• _YOUR ASSIGNMENT_: What is needed is the number of lines in the data below that include "Cream", stated by itself.

• _RECORDS FOR THIS EXERCISE_:

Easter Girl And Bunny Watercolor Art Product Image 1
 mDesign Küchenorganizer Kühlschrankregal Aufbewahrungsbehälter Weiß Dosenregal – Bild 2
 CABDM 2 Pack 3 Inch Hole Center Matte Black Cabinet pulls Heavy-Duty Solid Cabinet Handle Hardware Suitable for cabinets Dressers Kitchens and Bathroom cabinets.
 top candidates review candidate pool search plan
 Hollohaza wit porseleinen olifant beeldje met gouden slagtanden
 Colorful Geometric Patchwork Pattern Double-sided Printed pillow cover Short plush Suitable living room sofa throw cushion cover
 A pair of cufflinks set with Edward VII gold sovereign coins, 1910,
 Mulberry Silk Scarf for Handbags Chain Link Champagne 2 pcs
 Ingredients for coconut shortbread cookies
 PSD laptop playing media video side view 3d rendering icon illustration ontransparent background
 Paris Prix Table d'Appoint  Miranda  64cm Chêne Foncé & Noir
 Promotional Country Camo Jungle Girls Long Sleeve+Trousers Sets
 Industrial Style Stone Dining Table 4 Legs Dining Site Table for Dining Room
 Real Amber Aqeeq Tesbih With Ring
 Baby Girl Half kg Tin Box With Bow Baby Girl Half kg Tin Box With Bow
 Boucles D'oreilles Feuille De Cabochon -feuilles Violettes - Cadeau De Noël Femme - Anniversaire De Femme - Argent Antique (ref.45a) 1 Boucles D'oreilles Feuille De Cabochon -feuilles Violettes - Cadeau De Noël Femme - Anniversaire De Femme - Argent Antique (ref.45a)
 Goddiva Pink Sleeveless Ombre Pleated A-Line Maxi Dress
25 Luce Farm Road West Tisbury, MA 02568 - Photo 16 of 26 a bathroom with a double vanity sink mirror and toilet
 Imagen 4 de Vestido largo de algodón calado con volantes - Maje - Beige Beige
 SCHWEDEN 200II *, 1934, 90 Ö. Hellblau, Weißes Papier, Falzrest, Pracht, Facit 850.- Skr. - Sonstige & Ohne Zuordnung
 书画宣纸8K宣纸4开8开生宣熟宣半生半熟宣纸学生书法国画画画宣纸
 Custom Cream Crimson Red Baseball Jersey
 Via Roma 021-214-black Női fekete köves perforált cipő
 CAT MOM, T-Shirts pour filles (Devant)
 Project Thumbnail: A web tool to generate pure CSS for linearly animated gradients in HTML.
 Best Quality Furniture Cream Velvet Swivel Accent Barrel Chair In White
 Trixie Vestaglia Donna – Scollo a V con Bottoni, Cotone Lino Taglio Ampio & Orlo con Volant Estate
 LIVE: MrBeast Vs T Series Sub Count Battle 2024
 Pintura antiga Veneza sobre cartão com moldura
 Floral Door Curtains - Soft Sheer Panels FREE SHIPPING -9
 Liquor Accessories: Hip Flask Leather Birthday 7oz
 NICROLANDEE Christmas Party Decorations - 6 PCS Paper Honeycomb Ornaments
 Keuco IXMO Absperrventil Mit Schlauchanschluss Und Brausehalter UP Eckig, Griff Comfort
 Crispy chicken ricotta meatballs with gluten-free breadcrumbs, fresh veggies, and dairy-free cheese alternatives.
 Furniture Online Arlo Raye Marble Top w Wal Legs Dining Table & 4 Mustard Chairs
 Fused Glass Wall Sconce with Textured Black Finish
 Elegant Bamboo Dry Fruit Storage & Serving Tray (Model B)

• _OUTPUT FOR THIS EXERCISE_: 2